Well, the two interfering amplitude diagrams do not quite cancel each other out: they almost cancel each other out. That is to say in the notional limit that the mass of the u and the mass of the c were identical, the two diagrams would be identical except for the minus sign of the Cabbibo (CKM for 3 generations) matrix influence on the vertices, which you reassure us you are comfortable with.

To the extent the masses of the two quarks in the internal lines differ, the effect of them on the respective propagators differ, and so the respective results of the loops differ. In fact, good SM books compute the nonvanishing, but vastly suppressed amplitude. It is a function of $m_c/m_u$ which goes to 0 as that ratio goes to 1. Something like $\propto g^4 \frac{m_c^2}{M_W^2} ( 1-m_u^2/m_c^2)$.

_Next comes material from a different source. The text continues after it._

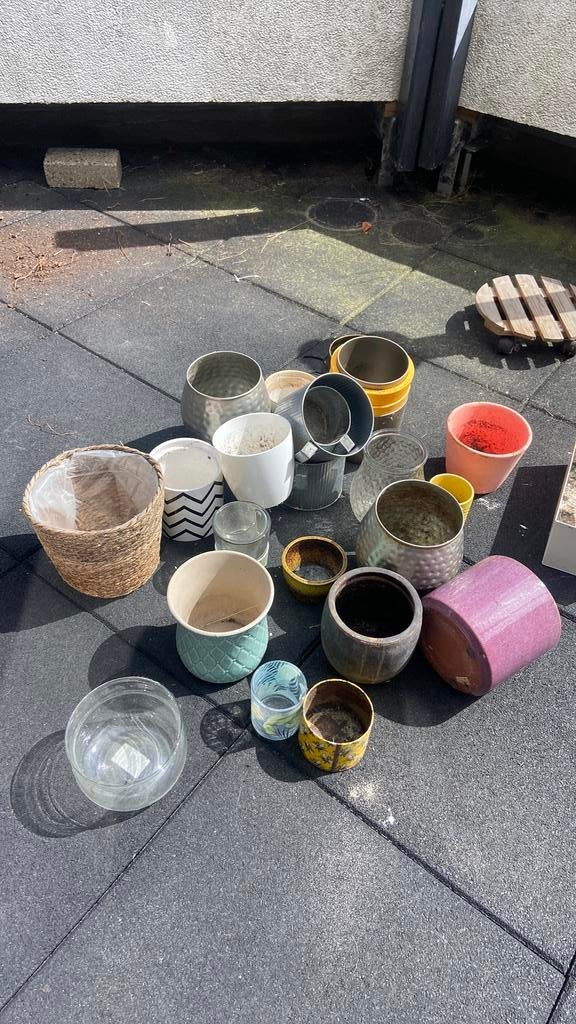 Gratis verschillende plantenpotjes, Tuin en Terras, Bloempotten, Ophalen, Rond, Zo goed als nieuw, Aardewerk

So you might sensibly object that the term in the parenthesis is much closer to 1 than it is to 0. But, look at the factor multiplying it, $\alpha^2 m_c^2/M_W^2$, and how small it is: do this. (Still, if that were a part of your puzzlement, perversely, the introduction of c actually increases the $\Delta S=1$ rate instead of suppressing it! Historically, the rate was used to bound the mass of the then hypothetical c from above!)

When the third generation is introduced, the 3x3 unitary analog matrix (CKM) performs the same function. The quark mass ratios are bigger, but the couplings are suppressed at the vertices, so, if I recall, the effect of neglecting the 3rd generation is not dramatic.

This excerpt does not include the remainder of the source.